To that end, they want to see the government "adopt an evidence-based approach" in considering any boost to existing intelligence and police powers, and to ensure that any new measures include "effective oversight."
They also want to see an "open and transparent dialogue" with Canadians "on whether new measures are required, and if so, on their nature, scope, and impact on rights and freedoms."
Federal, provincial and territorial commissioners and ombudsmen are in Ottawa for their annual meeting, which begins today and continues on Thursday.
'Arar +10' conference
The rare joint statement comes on the same day that a special symposium is set to explore the shifting balance between national security and human rights a decade after the launch of a judicial inquiry into the treatment of Maher Arar.
Dubbed "Arar + 10," the conference is being hosted by the University of Ottawa Centre for International Policy Studies, along with Amnesty International, the International Civil Liberties Monitoring Group and the Human Rights Research and Education Centre.
Among the events set for today: an "unprecedented keynote lunchtime panel" with the three judges who have presided over judicial inquiries related to national security in the last 10 years:- Former Supreme Court Justice Frank Iacobucci (Internal Inquiry into the Actions of Canadian Officials in Relation to Abdullah Almalki, Ahmad Abou-Elmaati and Muayyed Nureddin)
- Former Supreme Court Justice John Major (Commission of Inquiry into the Investigation of the Bombing of Air India Flight 182)
- Ontario Court of Appeal Justice Dennis O’Connor (Commission of Inquiry into the Actions of Canadian Officials in Relation to Maher Arar)

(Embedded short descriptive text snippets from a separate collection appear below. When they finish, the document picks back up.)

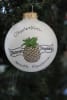 Pineapple Charleston Frosted Ball Ornament - Image 1 of 0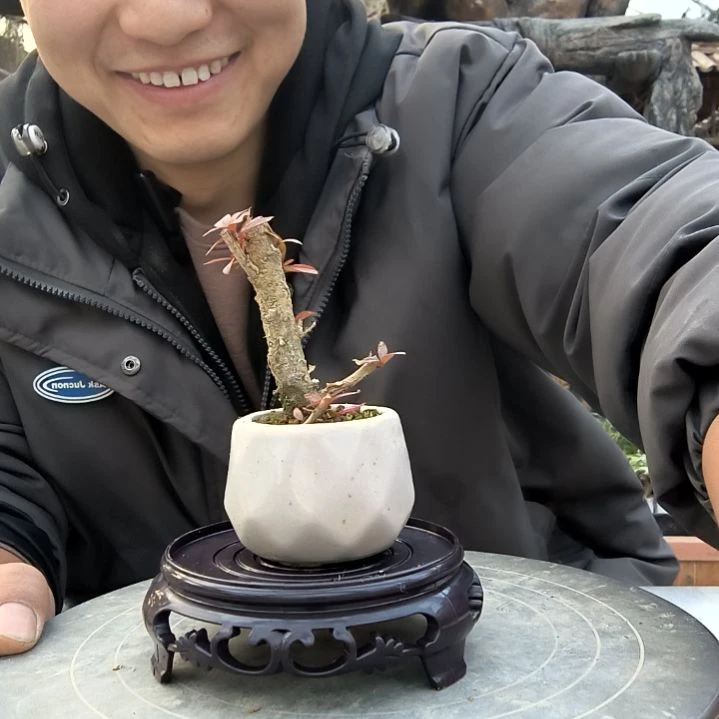 时*小盆景小植物一物一拍91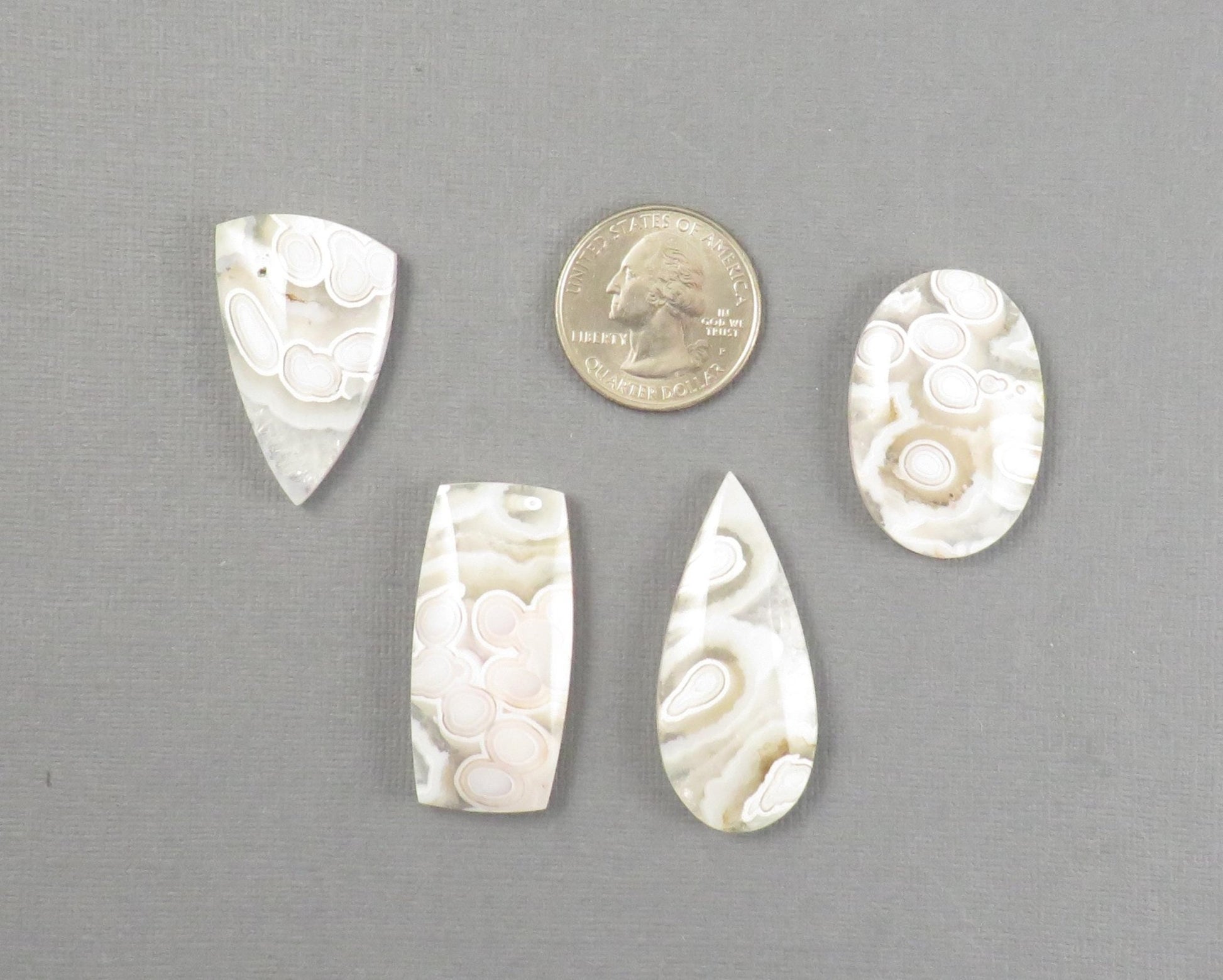 Orbicular Agate Cabochon Round | Eye Agate | 33–44mm, avg 34.40ct | Indonesia | OA104 - Gem Enthusiast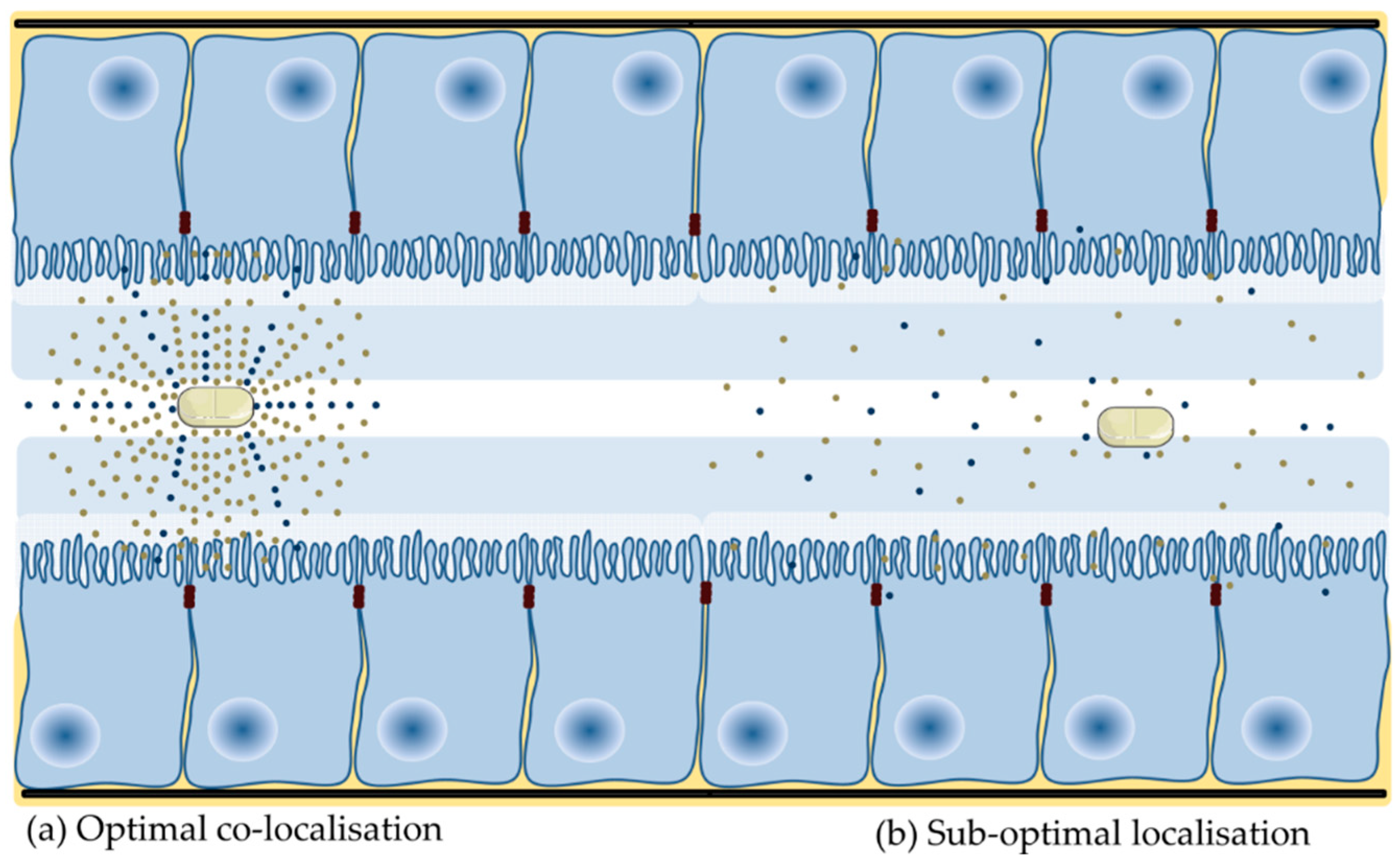 Pharmaceutics 11 00041 g002 Pharmaceutics 11 00041 g002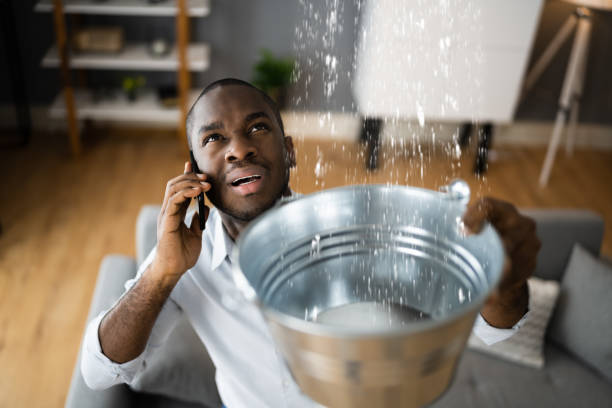 Best Fire Damage Restoration  in Star Valley, AZ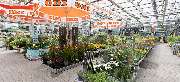 OBI Markt Worms - GALLERY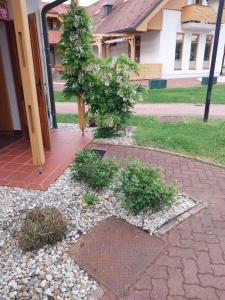 a walkway in front of a house with plants at Apartma Trobentica 23 in Moravske-Toplice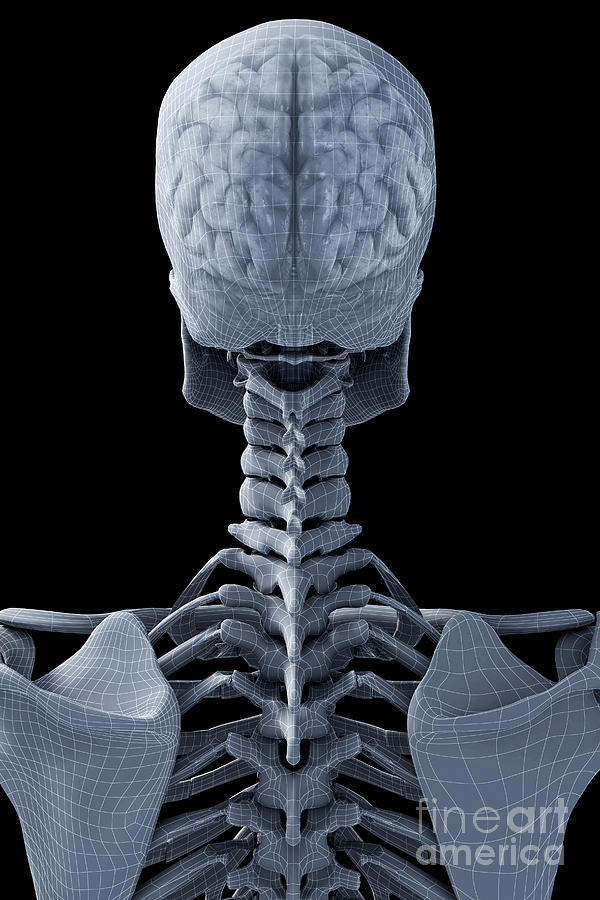 The Brain Within The Skeleton Photograph by Science Picture Co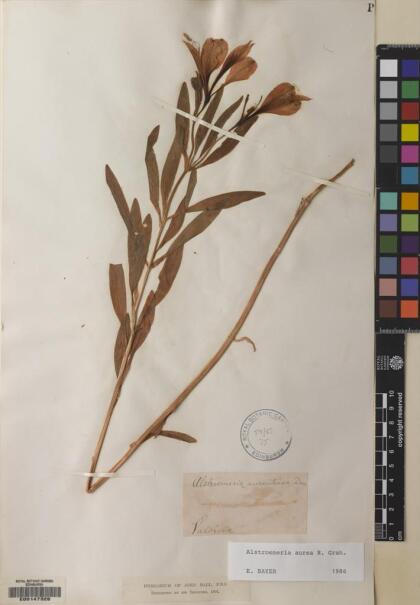 Alstroemeria aurea [Espécimen: ]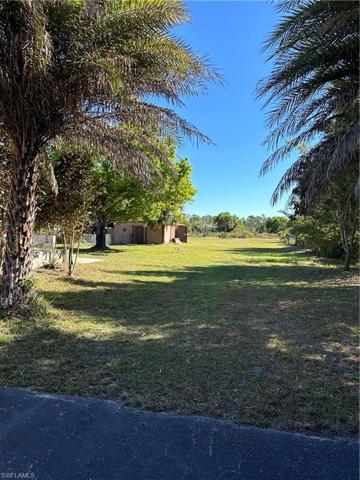 Pond in the back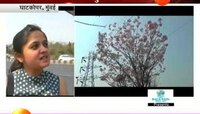 पूर्व द्रुतगती मार्ग 'पिंक पाऊल' फुलांनी बहरला 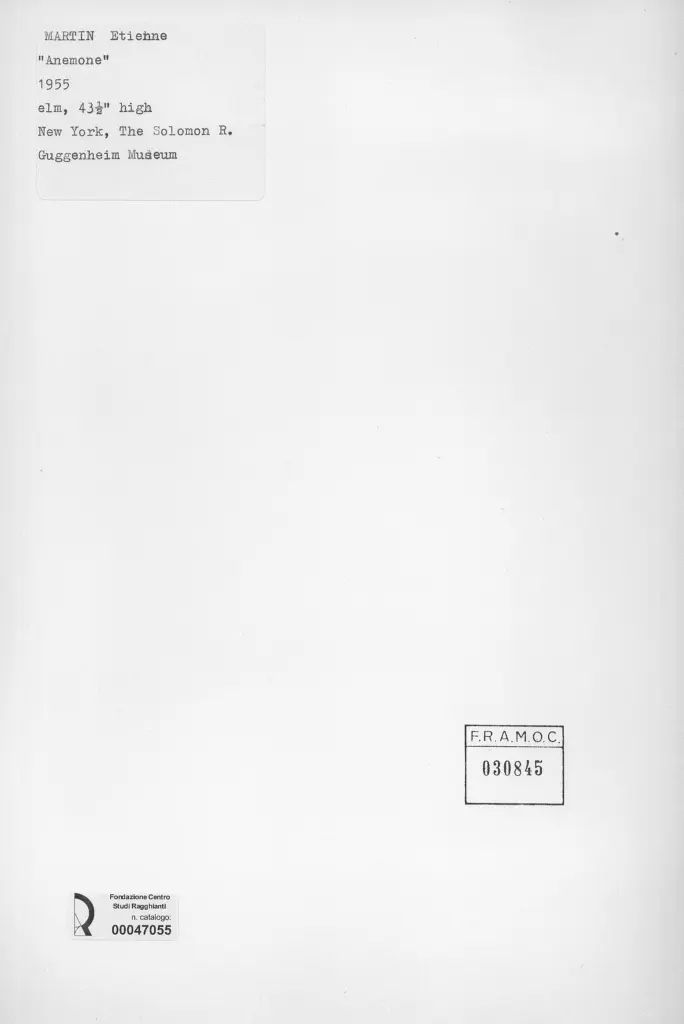 Anonimo , Martinet, Etienne - sec. XX - Anemone , retro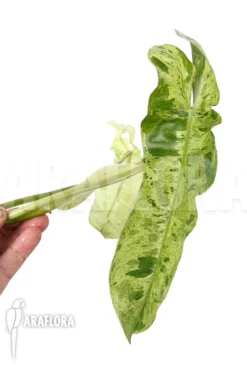 Philodendron Paraiso Verde 'rooted Cutting'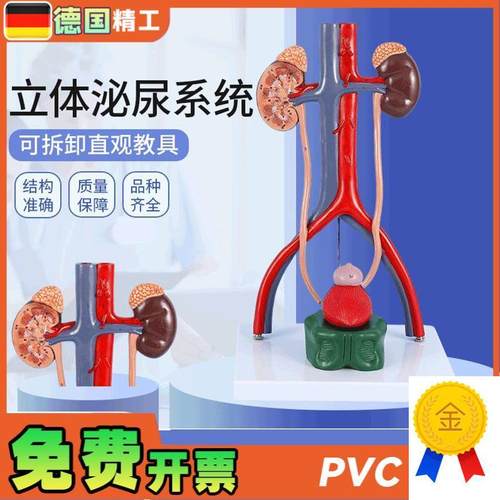 德国】人体立体h泌尿系统模型肾脏模型动静脉模型泌尿系统医学教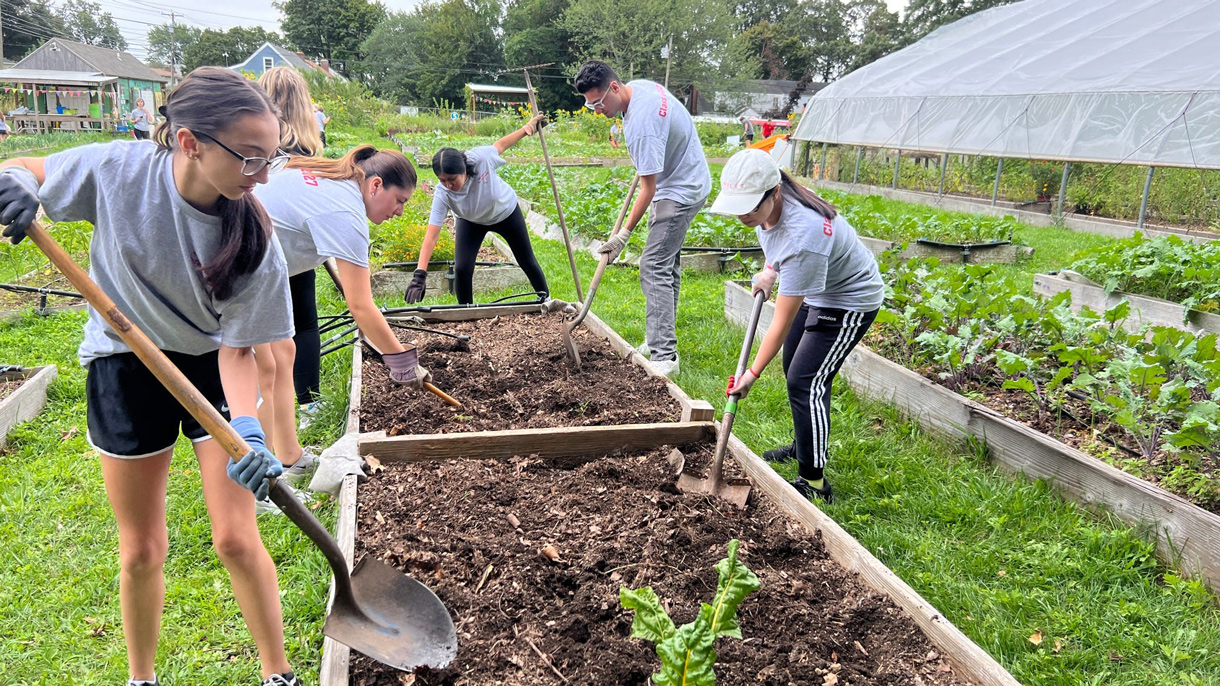 Students gardening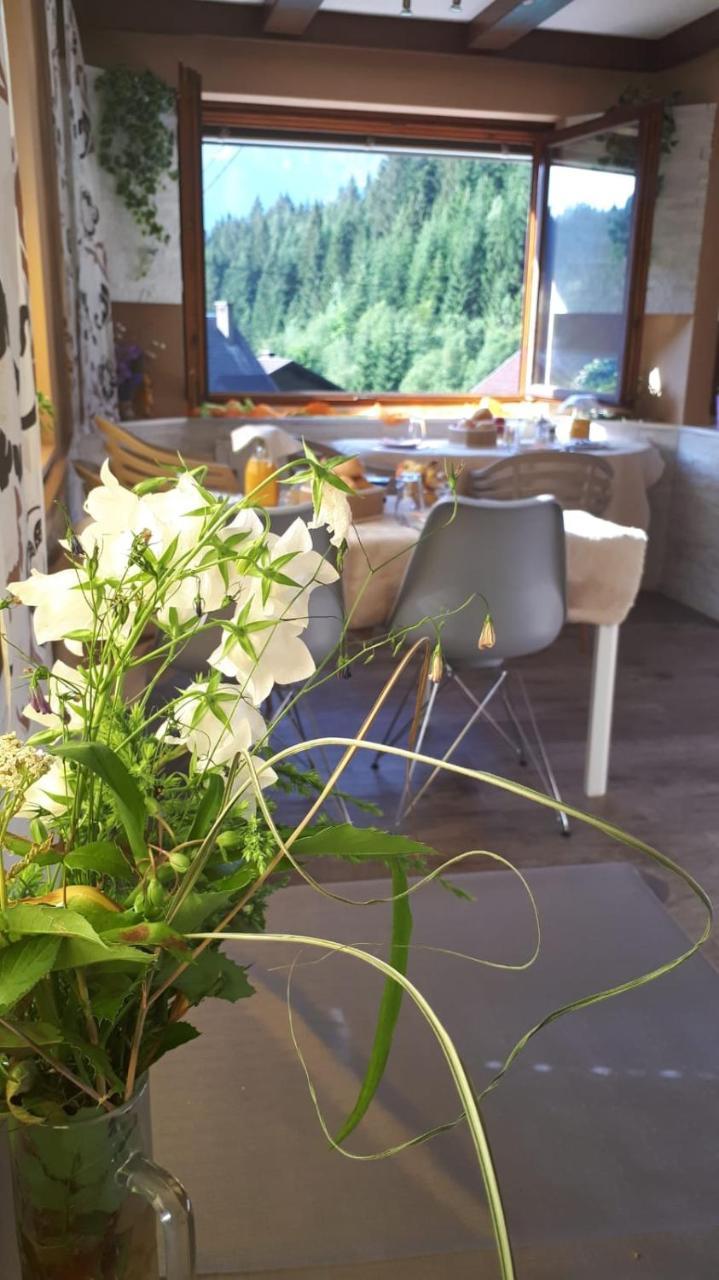 Bed and Breakfast Haus Sieben - Singer Lydia Kotschach-Mauthen Zewnętrze zdjęcie
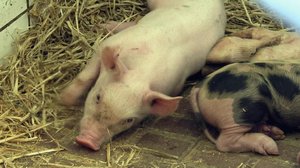 Diabeetikkosiat (S): 31.10.2018 19.53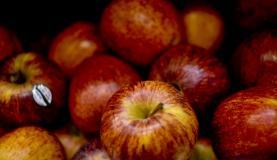 Praga Cydia pomonella foi identificada em maçãs, peras e marmelos da Argentina. (Foto: Arquivo/ABr)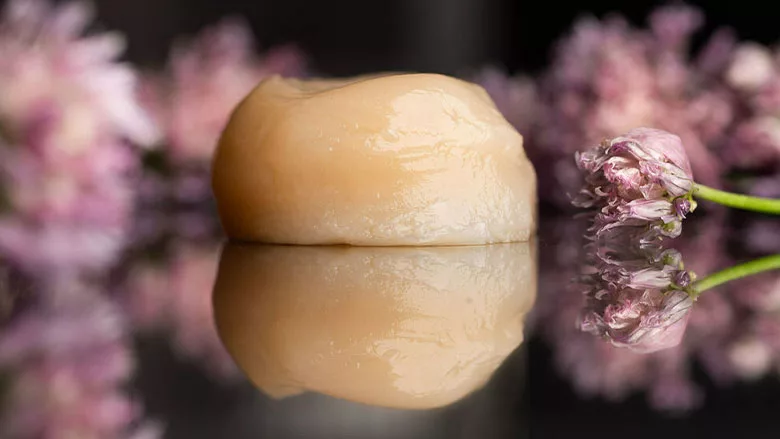 Scallop made with cell-based technology
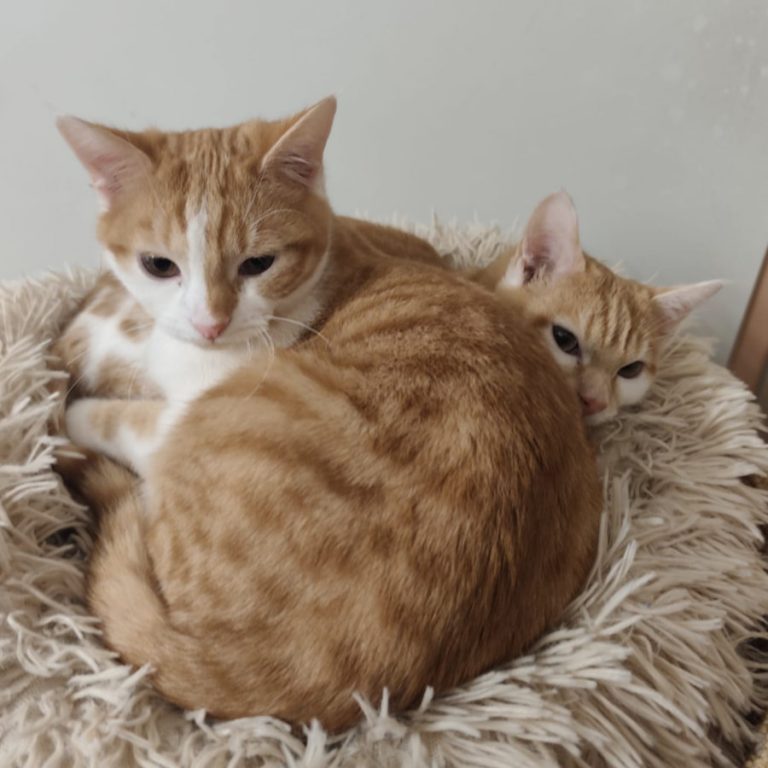 Zu sehen sind die rot-weiß getigerten Kitten Venti & Venelope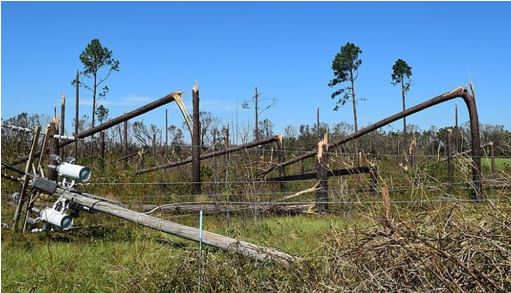 Hurricane Michael’s Destruction And Reconstruction – Looking Back Five ...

On Monday, Public Safety Minister Steven Blaney tabled a bill that would expand the powers of the Canadian Security Intelligence Service (CSIS) to monitor and track suspected terrorists and provide increased protection for confidential sources.
It would also give the agency more leeway to operate outside Canada, including sharing intelligence with members of the so-called "Five Eyes" countries: Canada, the United States, the United Kingdom, Australia and New Zealand.